The multiple equation model thus provides a means for assessing the near-term impact of changes in the BSP’s policy instruments on inflation.

Both the single equation and multiple equation inflation forecasting models have helped the BSP keep track of price changes, and allowed the forecasting of inflation over a short-term horizon, that is, several months ahead. These forecasts form the basis of the BSP’s range of inflation forecasts for a given month. The models have also been useful in policy exercises, particularly in the assessment of the impact on inflation of changes in key macroeconomic variables such as interest rates and the national government fiscal position. Despite their fairly simple structure, both the single equation and multiple equation models have tracked inflation relatively well as measured by an average forecast error of 0.2 percentage point in 2000 (Bangko Sentral ng Pilipinas, 2000).

Development of the BSP’s Long-Term Macroeconomic Model

The BSP is also further improving its econometric modeling and forecasting capabilities through the development of a long-term annual macroeconomic model of the Philippine economy. The specification of the (structural) model is based on the BSP’s view of the transmission channels of monetary policy. The model is expected to serve as a quantitative tool of the BSP to forecast headline and core inflation in the next two years, with a probability distribution of future inflation outcomes, instead of only a single point expectation to account for the impact of various risk factors in the inflation outcome.

Together with the BSP’s current short-term inflation forecasting models, the long-term model is aimed at providing the necessary tools to strengthen the framework for policy discussions and decision making.4 The models have not only provided the BSP with a clear view of the transmission mechanism of monetary policy, but also enabled the BSP to conduct policy simulations that have helped guide monetary policy formulation and actions.

Private sector inflation forecasts offer useful additional information to policymakers about market expectations of future inflation. Estimates generated from the BSP’s models are thus complemented by market-based forecasts produced by the private sector—including equity research analysts, investment professionals, and credit rating agencies—and international financial institutions such as the IMF. The Inflation Report of the BSP contains a listing of the inflation expectations of the various sectors for the year ahead as well as the average of these forecasts.

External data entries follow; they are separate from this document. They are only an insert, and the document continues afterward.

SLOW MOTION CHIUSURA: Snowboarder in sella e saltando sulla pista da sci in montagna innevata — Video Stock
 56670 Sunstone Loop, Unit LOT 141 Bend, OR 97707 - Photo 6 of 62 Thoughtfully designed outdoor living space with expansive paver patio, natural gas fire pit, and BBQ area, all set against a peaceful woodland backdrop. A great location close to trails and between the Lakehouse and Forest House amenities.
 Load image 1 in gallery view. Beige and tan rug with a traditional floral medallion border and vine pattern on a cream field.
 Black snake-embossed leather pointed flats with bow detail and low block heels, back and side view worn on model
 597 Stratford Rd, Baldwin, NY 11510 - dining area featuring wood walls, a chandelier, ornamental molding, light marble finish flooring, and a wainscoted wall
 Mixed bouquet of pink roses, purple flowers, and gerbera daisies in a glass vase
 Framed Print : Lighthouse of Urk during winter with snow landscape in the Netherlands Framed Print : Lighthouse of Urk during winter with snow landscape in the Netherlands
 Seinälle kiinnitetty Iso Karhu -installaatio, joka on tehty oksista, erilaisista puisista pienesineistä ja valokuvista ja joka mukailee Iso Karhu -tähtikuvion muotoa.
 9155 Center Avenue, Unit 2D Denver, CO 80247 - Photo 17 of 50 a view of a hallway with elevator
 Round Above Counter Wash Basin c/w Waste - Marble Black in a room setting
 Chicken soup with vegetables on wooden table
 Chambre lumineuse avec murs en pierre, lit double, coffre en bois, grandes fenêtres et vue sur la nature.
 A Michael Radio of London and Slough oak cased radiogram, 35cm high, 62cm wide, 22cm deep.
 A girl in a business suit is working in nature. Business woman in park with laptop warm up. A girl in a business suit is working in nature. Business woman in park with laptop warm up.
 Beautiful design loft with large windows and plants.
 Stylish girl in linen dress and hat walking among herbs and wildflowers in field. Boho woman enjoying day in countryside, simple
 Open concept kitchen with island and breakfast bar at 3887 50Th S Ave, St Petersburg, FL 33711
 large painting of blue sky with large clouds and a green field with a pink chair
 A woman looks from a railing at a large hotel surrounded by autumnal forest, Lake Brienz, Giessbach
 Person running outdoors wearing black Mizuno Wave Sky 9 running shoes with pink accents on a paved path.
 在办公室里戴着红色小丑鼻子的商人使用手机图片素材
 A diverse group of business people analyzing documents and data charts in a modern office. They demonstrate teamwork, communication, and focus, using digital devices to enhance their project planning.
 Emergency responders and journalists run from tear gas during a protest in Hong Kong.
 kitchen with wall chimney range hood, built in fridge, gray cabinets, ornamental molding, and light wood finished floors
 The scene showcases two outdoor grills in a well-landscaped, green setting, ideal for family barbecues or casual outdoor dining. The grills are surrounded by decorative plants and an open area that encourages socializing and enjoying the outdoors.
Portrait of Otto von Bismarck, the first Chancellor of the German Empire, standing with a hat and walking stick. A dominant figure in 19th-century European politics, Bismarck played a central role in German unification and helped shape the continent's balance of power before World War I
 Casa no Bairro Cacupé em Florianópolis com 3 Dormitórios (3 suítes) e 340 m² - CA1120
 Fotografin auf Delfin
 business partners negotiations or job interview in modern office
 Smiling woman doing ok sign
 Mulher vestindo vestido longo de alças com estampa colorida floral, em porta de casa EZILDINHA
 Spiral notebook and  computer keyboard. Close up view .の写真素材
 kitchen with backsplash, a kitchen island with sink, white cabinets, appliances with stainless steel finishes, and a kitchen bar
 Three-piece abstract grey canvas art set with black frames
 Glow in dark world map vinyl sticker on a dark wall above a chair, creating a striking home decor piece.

Output and Economic Activity

The BSP’s assessment of the state of economic activity involves an examination of the trends in aggregate supply and demand indicators. Supply-side indicators include data on industrial production, including manufacturing output and capacity utilization, agriculture production, and data on the national income accounts. Aggregate demand indicators include data on bank lending, credit and liquidity growth, the government’s fiscal position, automotive vehicle sales, sales of electric power, and other indicators of consumer demand (for example, housing starts, sales of consumer durables, and beverage and liquor consumption). Labor and employment statistics are also monitored insofar as they provide information on demand-pull pressures and cost-push factors. Altogether, these indicators provide a view of the emerging scenario for output growth and help authorities assess the need and the scope for monetary tightening or easing. For example, the relative strength of economic activity is factored into decisions on whether or not to reduce policy interest rates in a benign inflation environment to provide broad support to the economy’s growth objectives.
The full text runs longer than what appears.